Crit Care. 2022 Jun 17;26(1):181. doi: 10.1186/s13054-022-04044-7.


BACKGROUND: Bacterial burden as well as duration of bacteremia influence the outcome of patients with bloodstream infections. Promptly decreasing bacterial load in the blood by using extracorporeal devices in addition to anti-infective therapy has recently been explored. Preclinical studies with the Seraph® 100 Microbind® Affinity Blood Filter (Seraph® 100), which consists of heparin that is covalently bound to polymer beads, have demonstrated an effective binding of bacteria and viruses. Pathogens adhere to the heparin coated polymer beads in the adsorber as they would normally do to heparan sulfate on cell surfaces. Using this biomimetic principle, the Seraph® 100 could help to decrease bacterial burden in vivo.

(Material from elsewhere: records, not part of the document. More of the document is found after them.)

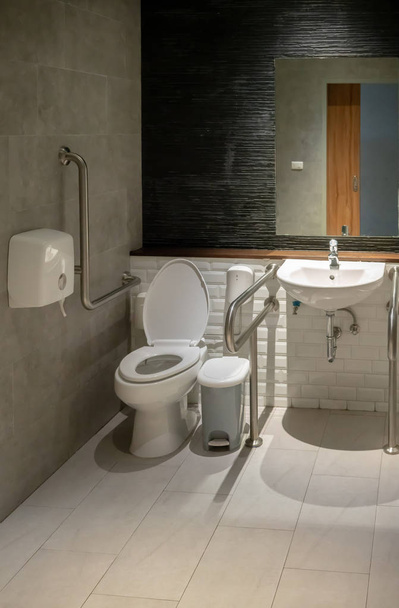 Intérieur des toilettes pour personnes âgées âgées ou handicapées avec cuvette de toilette et main courante
. - Photo, image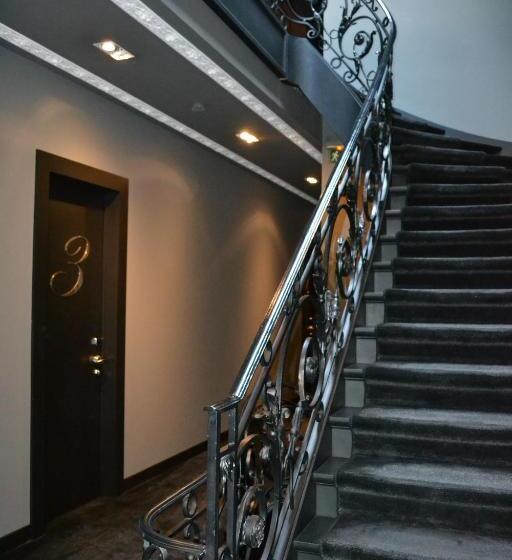 Hotel Odette En Ville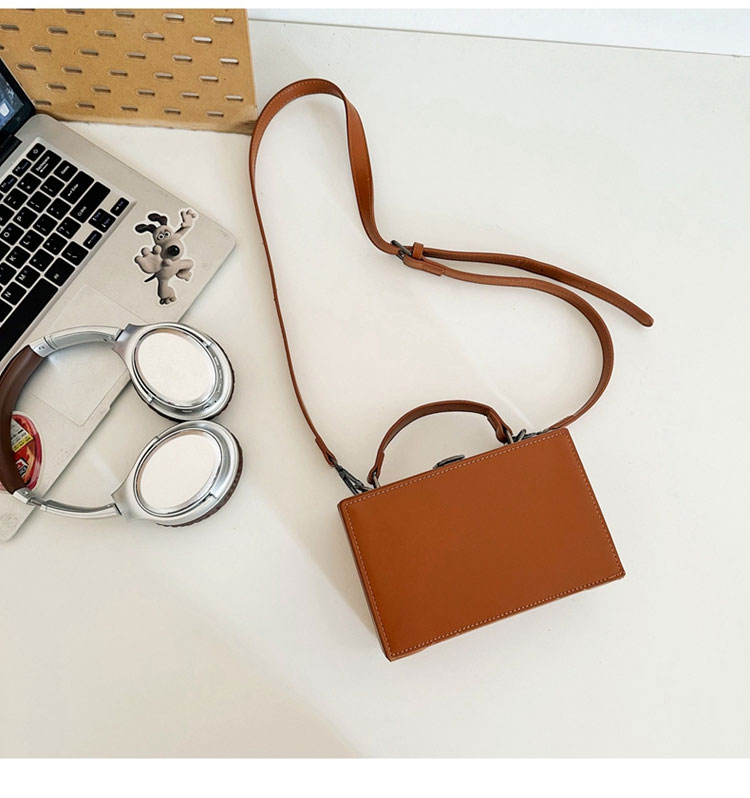 Whatna ボディバッグ メンズ PUレザー 箱型 斜めがけ 手持ち 2WAY ロック金具付き-4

METHODS: This first in human, prospective, multicenter, non-randomized interventional study included patients with blood culture positive bloodstream infection and the need for kidney replacement therapy as an adjunctive treatment for bloodstream infections. We performed a single four-hour hemoperfusion treatment with the Seraph® 100 in conjunction with a dialysis procedure. Post procedure follow up was 14 days.

RESULTS: Fifteen hemodialysis patients (3F/12 M, age 74.0 [68.0-78.5] years, dialysis vintage 28.0 [11.0-45.0] months) were enrolled. Seraph® 100 treatment started 66.4 [45.7-80.6] hours after the initial positive blood culture was drawn. During the treatment with the Seraph® 100 with a median blood flow of 285 [225-300] ml/min no device or treatment related adverse events were reported. Blood pressure and heart rate remained stable while peripheral oxygen saturation improved during the treatment from 98.0 [92.5-98.0] to 99.0 [98.0-99.5] %; p = 0.0184. Four patients still had positive blood culture at the start of Seraph® 100 treatment. In one patient blood cultures turned negative during treatment. The time to positivity (TTP) was increased between inflow and outflow blood cultures by 36 [- 7.2 to 96.3] minutes. However, overall TTP increase was not statistical significant.

CONCLUSIONS: Seraph® 100 treatment was well tolerated. Adding Seraph® 100 to antibiotics early in the course of bacteremia might result in a faster resolution of bloodstream infections, which has to be evaluated in further studies.

TRAIL REGISTRATION: Identifier: NCT02914132 , first posted September 26, 2016.